By the closure of $M_\omega [G_\omega ]$ under $\omega $ -sequences, $\langle j_{n,\omega }(\dot {E}_n) \mid n<\omega \rangle $ is in $M_\omega [G_\omega ]$ . Hence we can interpret it using $G_{\omega }$ and $j_{n,\omega }"\mathcal {H}_n$ . Let $D_n$ denote the resulting club. Let $i^*<m$ be such that $i^* = i_n$ for infinitely many n. We claim that $\bigcap _{n<\omega }D_n$ is disjoint from $S_{i^*}$ . Otherwise, we have $j_{n,\omega }(\alpha ) \in D_n \cap S_{i^*}$ for some n such that $i^* = i_n$ . It follows that $\alpha \in C_n \cap T_n^{i_n}$ , a contradiction.

6.1 Down to $\aleph _{\omega }$

In the paper [Reference Poveda, Rinot and Sinapova20] it is shown that it is consistent relative to infinitely many supercompact cardinals, that stationary reflection at $\aleph _{\omega +1}$ together with the failure of $\operatorname {\mathrm {SCH}}$ at $\aleph _{\omega }$ .

Let us show how to obtain the same result in our case, starting with the assumption of $\kappa ^{+}$ - $\Pi ^1_1$ -subcompact that carries a $(\kappa ,\kappa ^{++})$ -extender, as in the previous part.

Theorem 6.21. Let $\kappa $ be a $\kappa ^{+}$ - $\Pi ^1_1$ -subcompact cardinal and let us assume that it carries a $(\kappa ,\kappa ^{++})$ -extender. Then, there is a forcing extension in which $\kappa =\aleph _\omega $ , $2^{\aleph _{\omega }} = \aleph _{\omega +2}$ , $\operatorname {\mathrm {GCH}}$ holds below $\aleph _{\omega }$ and every finite collection of stationary subsets of $\aleph _{\omega +1}$ reflects simultaneously.

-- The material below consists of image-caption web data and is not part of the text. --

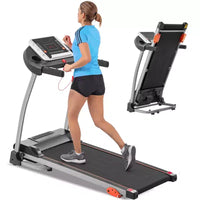 Tapis de course pliable facile pour la maison, machine de course, de jogging et de marche électrique de 2,5 CV avec support d'appareil et capteur de pouls, inclinaison réglable sur 3 niveaux
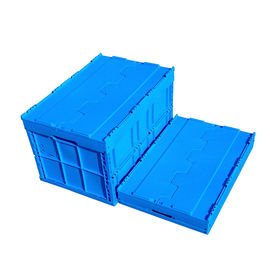 600*400*368 Mmの兵站学の折りたたみプラスチックの箱はふたの青い色を付けた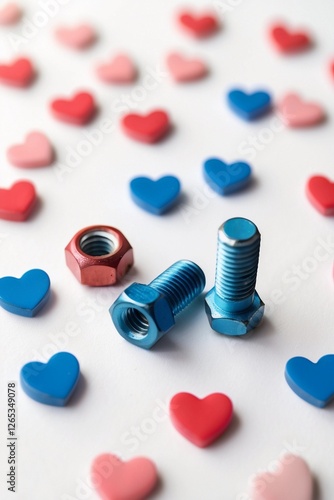 Two bolts and one nut with blurred background. Symbol of polygamy/polyandry. The practice of a woman marrying more than one husband. photo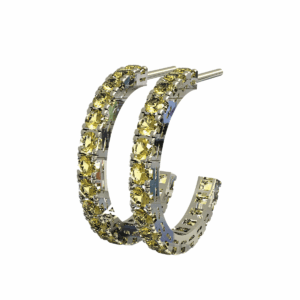 Orecchini a cerchio aperto Quadro in Oro Bianco 18 kt con Diamanti Fancy, 2.00 cm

The proof of this theorem is essentially the same as the proof of Theorem 1.4. We follow the argument as in the previous subsection and explain the differences.

Let us prepare the universe so that $\operatorname {\mathrm {GCH}}$ holds and the subcompactness of $\kappa $ is indestructible under Cohen forcing $\mathop {\mathrm {Add}}(\kappa ^{+},\kappa ^{++})$ . Let $j_E \colon V \to M_1$ be the extender ultrapower embedding. Let us assume moreover that the approachability ideal is always maximal. Namely, for every regular uncountable cardinal $\rho $ , $\rho \in I[\rho ]$

We define the iterations $\langle j_{n,m} \colon M_n\to M_m \mid n < m \leq \omega \rangle $ , and $\langle \iota _{n,m} \colon N_n \to N_m \mid n < m \leq \omega \rangle $ as before.

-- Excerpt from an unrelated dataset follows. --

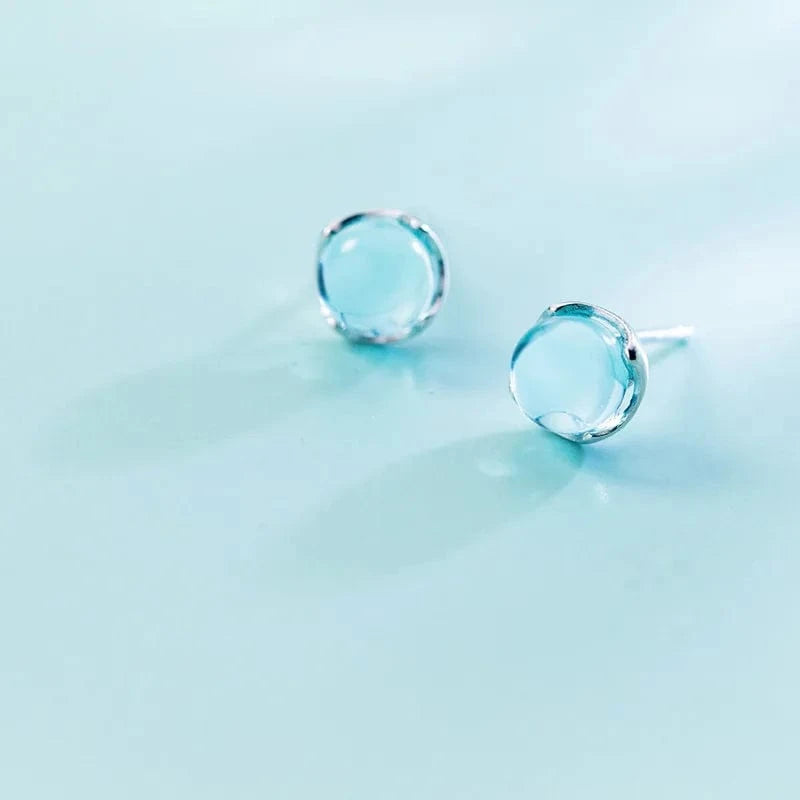 silver New 925 Sterling Silver Stud Earrings For Women Jewelry Sky Blue Mermaid Tears Earring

By standard arguments (see for example [Reference Cummings2, Lemma 8.5 and Proposition 15.1], and use Claim 6.7 for the computation of the width), there is an $M_1$ -generic filter $K\subseteq \operatorname {Col}(\kappa ^{+3}, <j_E(\kappa ))$ . Moreover, by elementarity for every n, the filter $j_n(K)$ is $M_{n+1}$ -generic. Fix $K_0 \subseteq \operatorname {Col}(\omega _4, <\kappa )$ a V-generic and let

$$\begin{align*}\mathcal{K} = \langle K_0\rangle^\smallfrown \langle j_n(K) \mid n < \omega\rangle.\end{align*}$$

Let us define the filters $G_n, \mathcal {H}_n$ and the models $M_n$ for $n \leq \omega $ exactly as before and let us consider the model $M_{\omega }[G_\omega ][\mathcal {H}][\mathcal {K}]$ . Let $K_n = \mathcal {K} \restriction n + 1$ .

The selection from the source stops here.